▶ **WORK TO COMPLETE**
Of the material below, only the lines from the line containing "Porsche: inaugurato un" down to the line containing "Vintage Disney Crown" belong in the answer, written out exactly.

#### EXERCISE MATERIALS

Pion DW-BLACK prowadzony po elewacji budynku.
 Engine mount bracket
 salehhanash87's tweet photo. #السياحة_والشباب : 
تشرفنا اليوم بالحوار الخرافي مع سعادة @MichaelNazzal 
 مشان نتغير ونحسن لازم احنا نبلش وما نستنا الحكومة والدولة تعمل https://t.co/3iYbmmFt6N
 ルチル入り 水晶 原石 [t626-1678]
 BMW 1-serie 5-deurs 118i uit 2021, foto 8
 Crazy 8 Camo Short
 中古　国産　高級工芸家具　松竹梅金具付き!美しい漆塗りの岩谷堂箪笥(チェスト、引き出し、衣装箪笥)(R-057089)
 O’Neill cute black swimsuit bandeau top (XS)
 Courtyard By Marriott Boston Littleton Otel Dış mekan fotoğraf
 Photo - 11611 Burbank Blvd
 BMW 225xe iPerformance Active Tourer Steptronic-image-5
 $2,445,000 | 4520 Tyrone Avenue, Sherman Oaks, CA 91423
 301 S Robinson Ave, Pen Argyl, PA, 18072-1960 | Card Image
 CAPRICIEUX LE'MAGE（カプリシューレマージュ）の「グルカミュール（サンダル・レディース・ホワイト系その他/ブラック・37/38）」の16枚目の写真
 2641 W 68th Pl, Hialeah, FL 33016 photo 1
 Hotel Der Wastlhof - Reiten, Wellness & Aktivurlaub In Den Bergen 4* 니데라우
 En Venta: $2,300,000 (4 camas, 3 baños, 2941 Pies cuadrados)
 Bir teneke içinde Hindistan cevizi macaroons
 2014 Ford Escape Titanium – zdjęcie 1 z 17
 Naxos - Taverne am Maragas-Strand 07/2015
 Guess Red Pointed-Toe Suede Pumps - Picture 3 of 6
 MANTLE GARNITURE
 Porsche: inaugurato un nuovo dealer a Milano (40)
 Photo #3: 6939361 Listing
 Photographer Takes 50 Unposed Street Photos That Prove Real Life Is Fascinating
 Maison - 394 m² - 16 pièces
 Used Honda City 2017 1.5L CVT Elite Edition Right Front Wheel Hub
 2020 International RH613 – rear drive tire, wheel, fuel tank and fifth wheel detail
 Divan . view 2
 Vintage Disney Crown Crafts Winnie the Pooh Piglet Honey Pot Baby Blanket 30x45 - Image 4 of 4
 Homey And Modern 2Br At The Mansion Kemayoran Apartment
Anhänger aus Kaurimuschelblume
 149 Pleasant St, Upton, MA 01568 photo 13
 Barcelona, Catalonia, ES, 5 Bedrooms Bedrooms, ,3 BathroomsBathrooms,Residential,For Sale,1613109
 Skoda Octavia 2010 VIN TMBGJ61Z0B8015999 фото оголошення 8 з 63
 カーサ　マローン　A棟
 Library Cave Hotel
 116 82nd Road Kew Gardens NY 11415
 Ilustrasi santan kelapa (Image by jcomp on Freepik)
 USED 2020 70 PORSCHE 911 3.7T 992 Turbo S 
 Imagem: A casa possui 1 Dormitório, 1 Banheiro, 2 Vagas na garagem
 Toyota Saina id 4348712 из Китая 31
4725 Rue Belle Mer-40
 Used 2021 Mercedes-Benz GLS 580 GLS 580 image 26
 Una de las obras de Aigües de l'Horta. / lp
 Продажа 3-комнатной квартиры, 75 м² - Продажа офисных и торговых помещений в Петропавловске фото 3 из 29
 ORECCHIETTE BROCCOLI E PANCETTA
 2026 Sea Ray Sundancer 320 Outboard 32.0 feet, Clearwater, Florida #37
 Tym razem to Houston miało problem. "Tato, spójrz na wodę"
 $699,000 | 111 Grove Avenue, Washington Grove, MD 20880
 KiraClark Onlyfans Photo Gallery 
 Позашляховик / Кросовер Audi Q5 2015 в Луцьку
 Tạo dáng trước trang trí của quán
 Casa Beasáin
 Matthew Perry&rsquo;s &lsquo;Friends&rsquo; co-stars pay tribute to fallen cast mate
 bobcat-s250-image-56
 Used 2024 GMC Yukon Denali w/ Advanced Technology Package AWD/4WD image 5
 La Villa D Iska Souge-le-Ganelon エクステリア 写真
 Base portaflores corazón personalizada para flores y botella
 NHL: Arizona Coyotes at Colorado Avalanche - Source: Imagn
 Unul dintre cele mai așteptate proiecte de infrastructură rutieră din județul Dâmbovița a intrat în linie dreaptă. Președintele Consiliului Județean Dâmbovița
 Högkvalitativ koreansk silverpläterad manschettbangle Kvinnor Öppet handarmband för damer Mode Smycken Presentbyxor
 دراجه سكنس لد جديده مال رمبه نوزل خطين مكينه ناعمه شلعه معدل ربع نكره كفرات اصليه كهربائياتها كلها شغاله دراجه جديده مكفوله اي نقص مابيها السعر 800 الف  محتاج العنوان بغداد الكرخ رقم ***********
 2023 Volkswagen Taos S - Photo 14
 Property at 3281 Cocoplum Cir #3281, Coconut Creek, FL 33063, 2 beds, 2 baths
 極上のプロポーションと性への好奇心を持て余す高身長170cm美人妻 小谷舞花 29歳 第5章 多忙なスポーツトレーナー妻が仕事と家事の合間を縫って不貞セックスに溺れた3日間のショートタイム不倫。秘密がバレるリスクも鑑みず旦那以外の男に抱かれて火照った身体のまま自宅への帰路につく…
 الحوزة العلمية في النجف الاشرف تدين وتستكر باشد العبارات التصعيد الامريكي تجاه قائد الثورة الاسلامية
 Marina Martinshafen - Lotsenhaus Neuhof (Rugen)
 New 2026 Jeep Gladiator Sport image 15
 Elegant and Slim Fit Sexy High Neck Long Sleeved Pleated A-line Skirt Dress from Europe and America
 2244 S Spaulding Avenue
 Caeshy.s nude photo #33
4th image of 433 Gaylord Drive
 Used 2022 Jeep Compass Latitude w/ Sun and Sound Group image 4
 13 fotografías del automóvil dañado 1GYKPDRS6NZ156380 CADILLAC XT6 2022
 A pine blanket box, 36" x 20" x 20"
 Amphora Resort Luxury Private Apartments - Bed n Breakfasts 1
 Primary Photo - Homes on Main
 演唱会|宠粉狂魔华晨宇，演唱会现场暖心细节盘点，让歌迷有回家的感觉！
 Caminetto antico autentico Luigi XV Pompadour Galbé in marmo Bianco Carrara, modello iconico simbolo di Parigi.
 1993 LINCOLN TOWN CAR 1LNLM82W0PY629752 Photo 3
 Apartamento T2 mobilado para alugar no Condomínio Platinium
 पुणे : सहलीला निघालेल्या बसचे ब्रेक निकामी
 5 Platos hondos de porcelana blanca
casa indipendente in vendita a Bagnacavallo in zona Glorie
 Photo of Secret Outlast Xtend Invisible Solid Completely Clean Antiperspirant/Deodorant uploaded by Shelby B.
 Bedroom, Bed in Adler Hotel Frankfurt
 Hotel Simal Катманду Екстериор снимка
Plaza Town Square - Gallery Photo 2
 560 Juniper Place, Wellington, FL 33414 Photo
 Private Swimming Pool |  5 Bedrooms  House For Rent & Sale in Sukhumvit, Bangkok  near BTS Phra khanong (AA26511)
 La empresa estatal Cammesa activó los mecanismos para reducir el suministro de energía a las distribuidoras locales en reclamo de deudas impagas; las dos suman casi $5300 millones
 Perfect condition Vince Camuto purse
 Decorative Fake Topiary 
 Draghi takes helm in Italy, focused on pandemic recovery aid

########

▶ **COMPLETED EXERCISE**
 Porsche: inaugurato un nuovo dealer a Milano (40)
 Photo #3: 6939361 Listing
 Photographer Takes 50 Unposed Street Photos That Prove Real Life Is Fascinating
 Maison - 394 m² - 16 pièces
 Used Honda City 2017 1.5L CVT Elite Edition Right Front Wheel Hub
 2020 International RH613 – rear drive tire, wheel, fuel tank and fifth wheel detail
 Divan . view 2
 Vintage Disney Crown Crafts Winnie the Pooh Piglet Honey Pot Baby Blanket 30x45 - Image 4 of 4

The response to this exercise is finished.